BRIEF: Using the listing below, output only the lines from the one that contains "31 Fair Drive Candler NC 28715" through the one that contains "2410 E Cedarwood", inclusive, exactly as given and without images.
++++ THE DATA
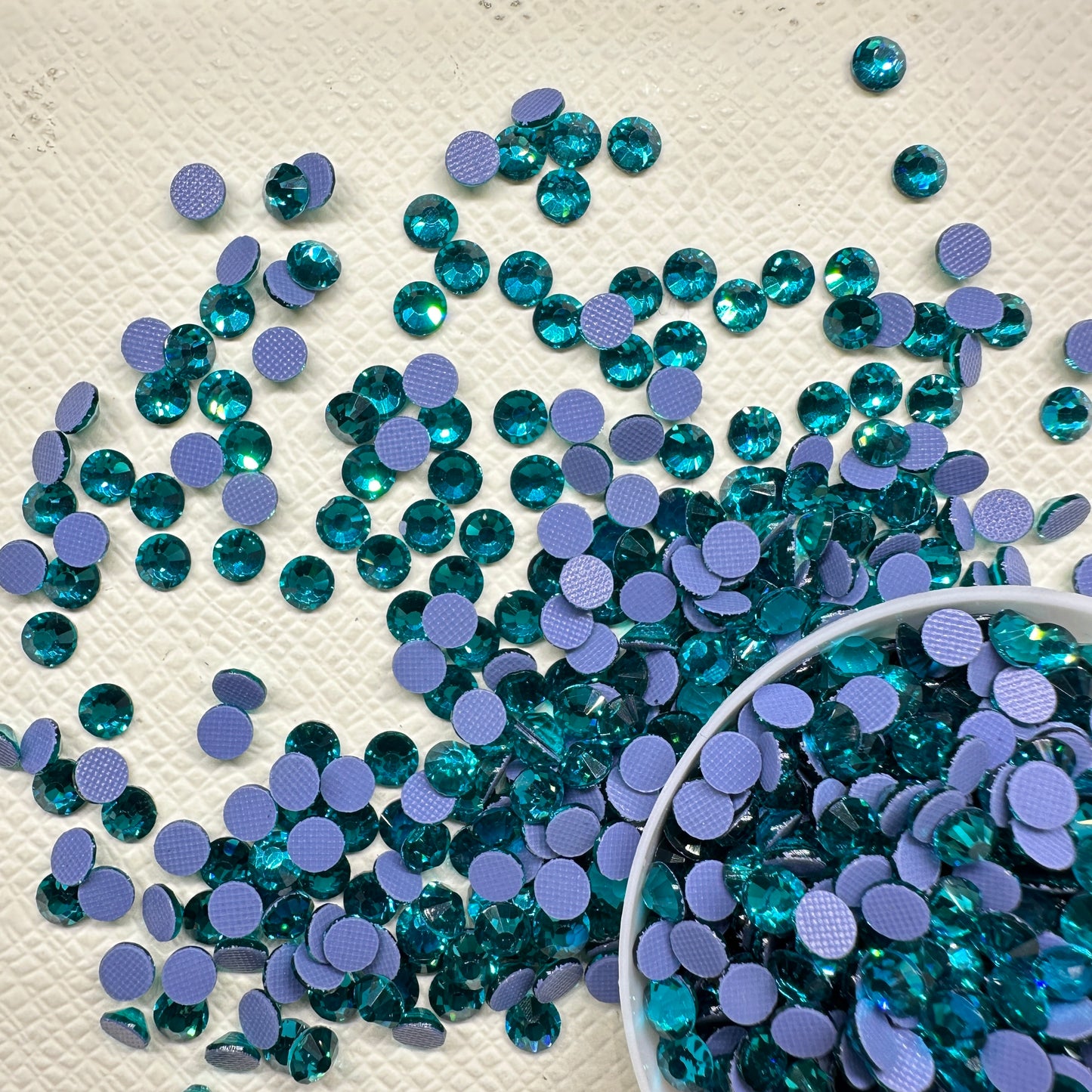 SS6-SS20 Bulk High Quality Crystal Glass Hotfix Rhinestone Wholesale Flatback Rhinestones for Bags Nail Art & Garment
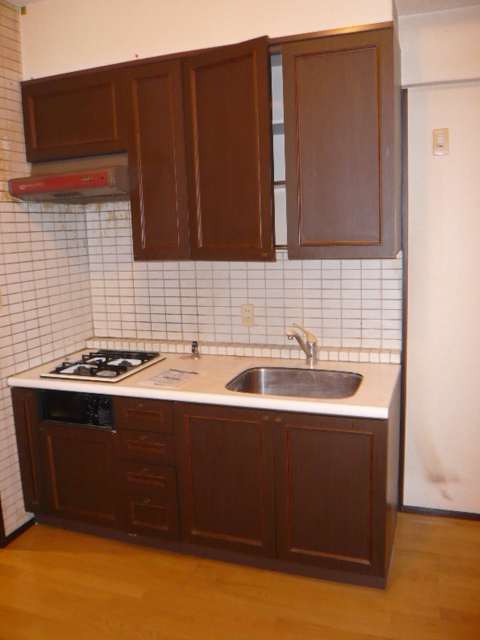 キッチン　コンパクトなキッチンで掃除もラクラク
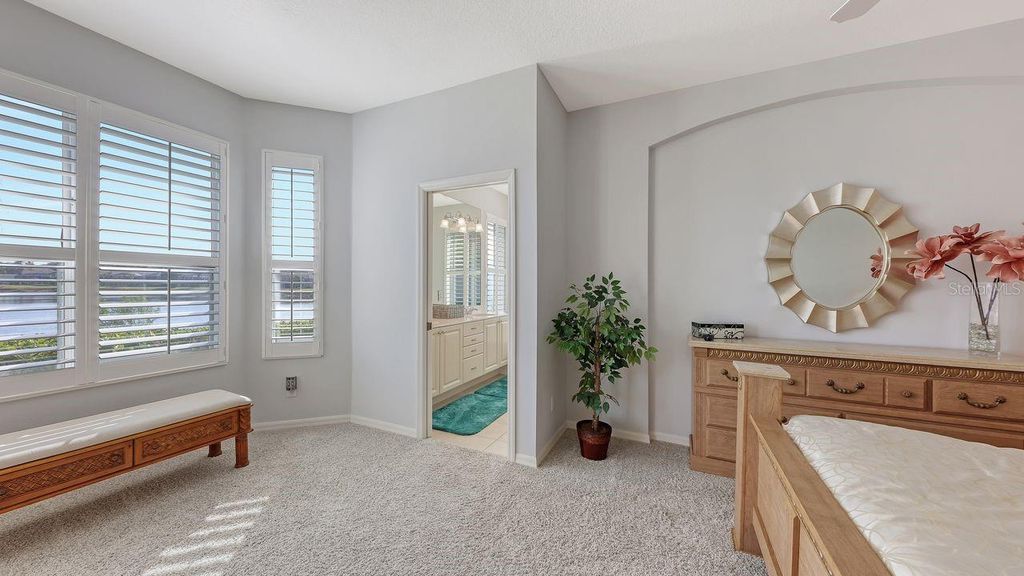 Image 20 of property listing at 7423 SEA ISLAND LANE, Bradenton, FL 34201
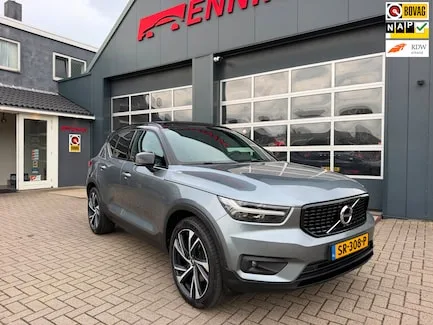 Volvo XC40 (2018) — foto 1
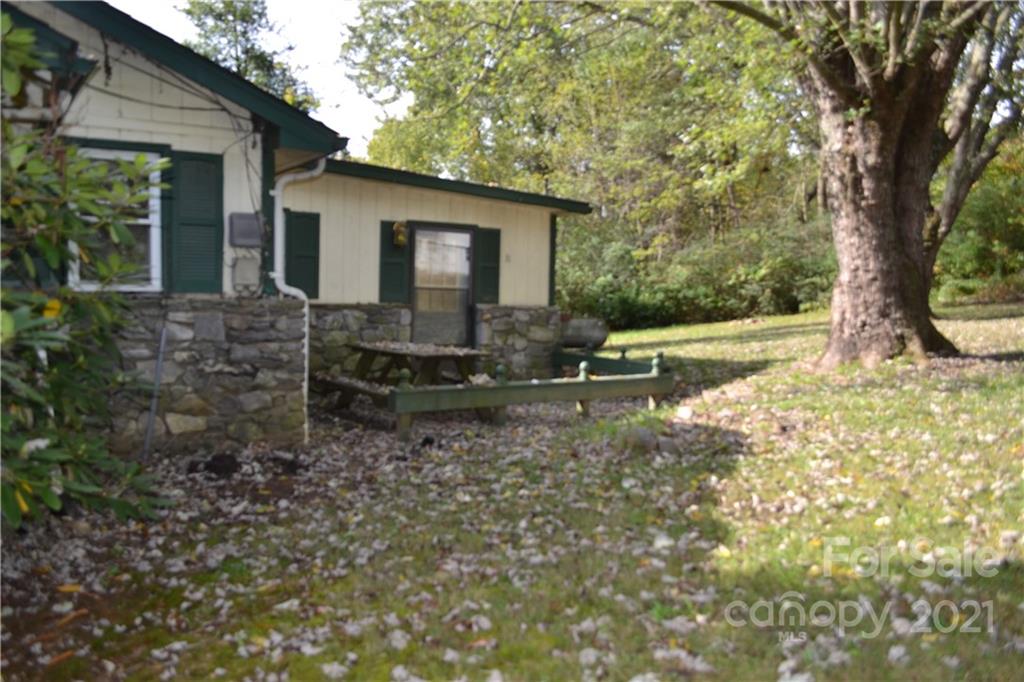 31 Fair Drive Candler NC 28715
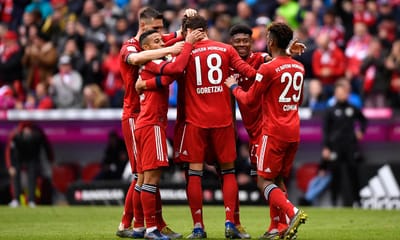Alemanha: Bayern afunda Hannover e pressiona Dortmund - TVI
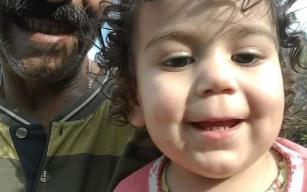 Kaynar suyun içine düşen çocuk öldü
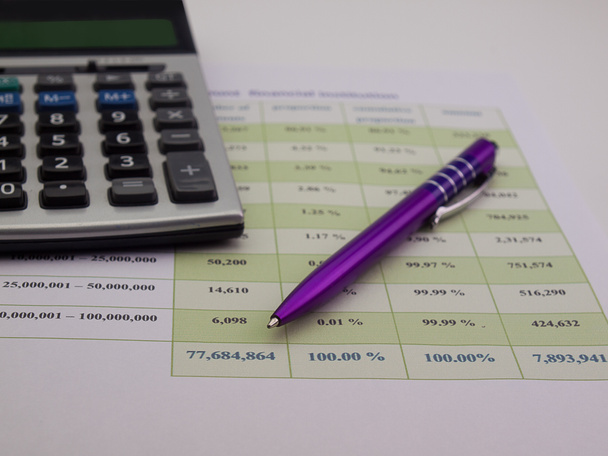 Gros plan stylo et calculatrice sur le bureau du comptable
 - Photo, image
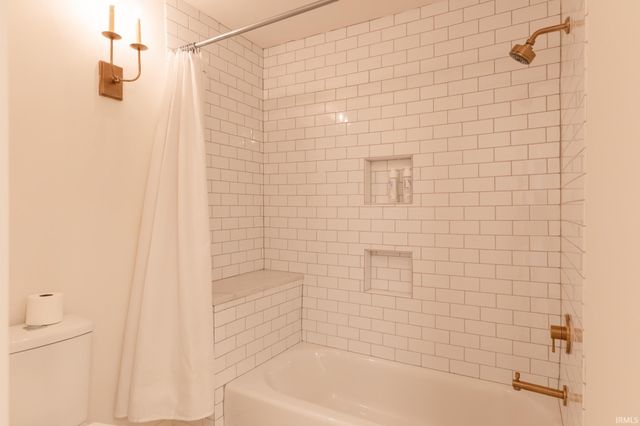 2410 E Cedarwood Court, Bloomington, IN 47401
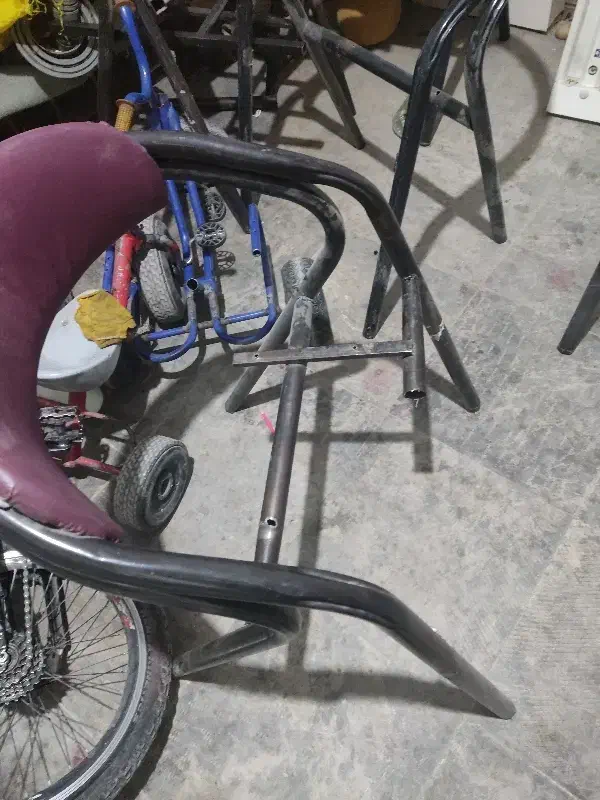 صندلی|صندلی و نیمکت|خرم‌آباد, |دیوار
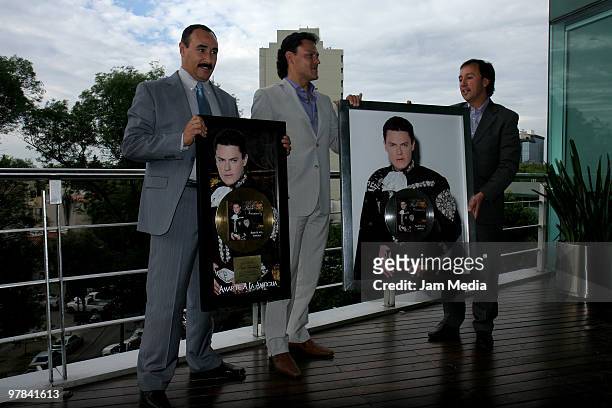 Antonio Silva, singer Pedro Fernandez and Victor Gonzales pose during a press conference to present Pedro's new album at the W Hotel on March 18,...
++++++++
SOLVED EXERCISE:
 31 Fair Drive Candler NC 28715
Alemanha: Bayern afunda Hannover e pressiona Dortmund - TVI
 Kaynar suyun içine düşen çocuk öldü
 Gros plan stylo et calculatrice sur le bureau du comptable
 - Photo, image
 2410 E Cedarwood Court, Bloomington, IN 47401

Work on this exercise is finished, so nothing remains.